[RECORDED INFORMATION]

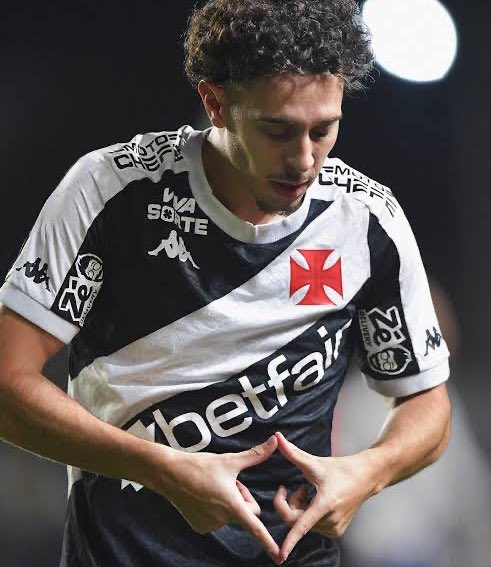 _ticocrvg's tweet image. 🚨 ATENÇÃO 🚨
VOCÊ RECEBEU O NUNO XERECUDO DA SORTE. 

REPASSE IMEDIATAMENTE PARA O VASCO SAIR COM A VITÓRIA NO PRIMEIRO JOGO DA GRANDE FINAL DA COPA DO BRASIL.

NÃO QUEBRE A CORRENTE. 💢🏆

[/RECORDED INFORMATION]

**REQUIRED WORK:**
A word-for-word copy of the data above is needed, one that omits the pictures.

**RESULT FOR THIS EXERCISE:**
 _ticocrvg's tweet image. 🚨 ATENÇÃO 🚨
VOCÊ RECEBEU O NUNO XERECUDO DA SORTE. 

REPASSE IMEDIATAMENTE PARA O VASCO SAIR COM A VITÓRIA NO PRIMEIRO JOGO DA GRANDE FINAL DA COPA DO BRASIL.

NÃO QUEBRE A CORRENTE. 💢🏆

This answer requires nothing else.